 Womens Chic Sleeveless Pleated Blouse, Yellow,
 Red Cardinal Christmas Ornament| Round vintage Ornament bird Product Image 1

==

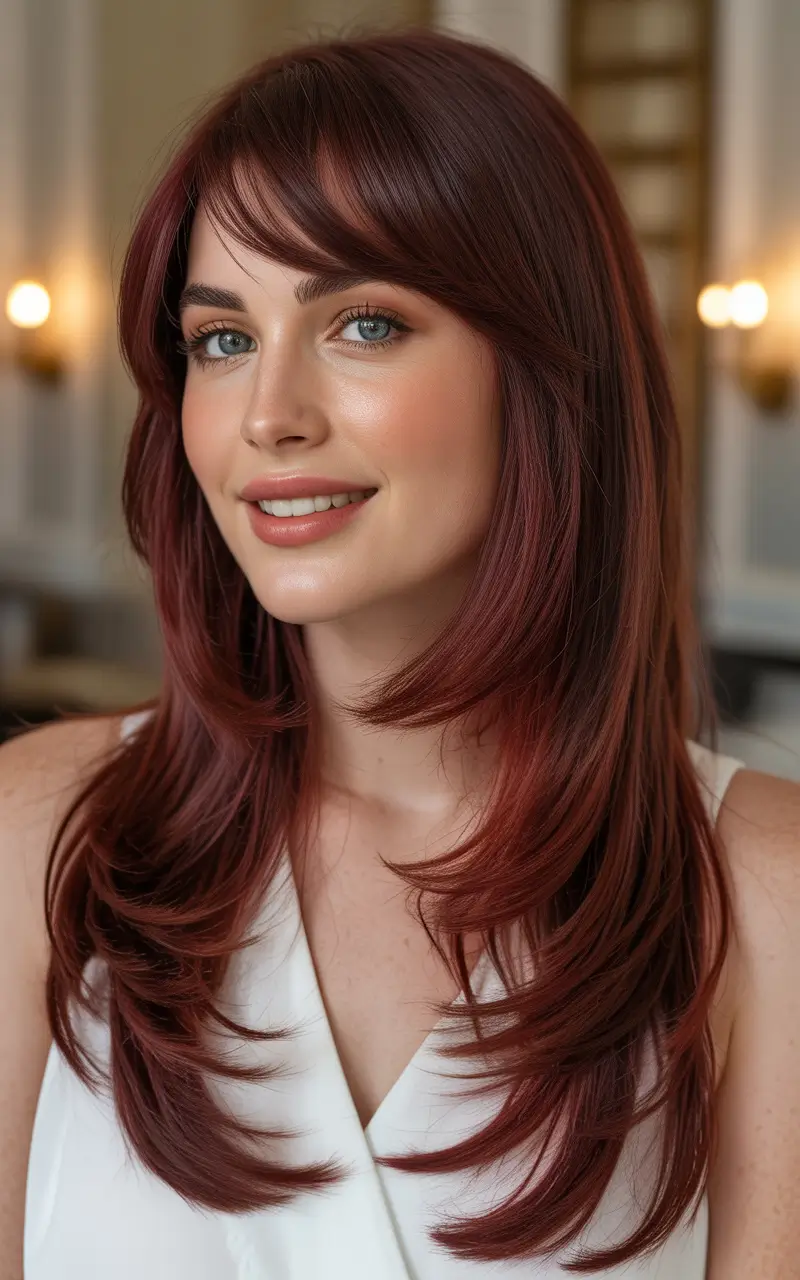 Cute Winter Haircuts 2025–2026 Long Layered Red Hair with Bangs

...

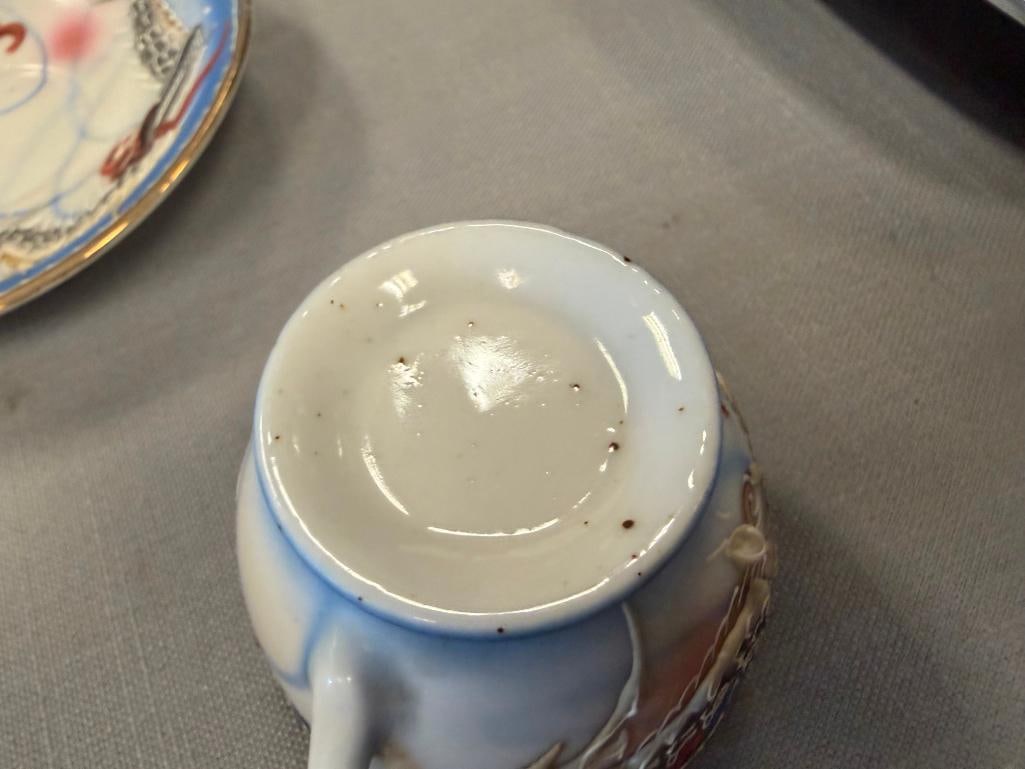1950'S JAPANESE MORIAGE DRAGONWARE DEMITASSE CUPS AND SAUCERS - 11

TASK
The lines above starting at the one that contains "Womens Chic Sleeveless" and ending at the one that contains "Red Cardinal Christmas" must be transcribed exactly, and no other lines may appear.

WRITTEN ANSWER
 Womens Chic Sleeveless Pleated Blouse, Yellow,
 Red Cardinal Christmas Ornament| Round vintage Ornament bird Product Image 1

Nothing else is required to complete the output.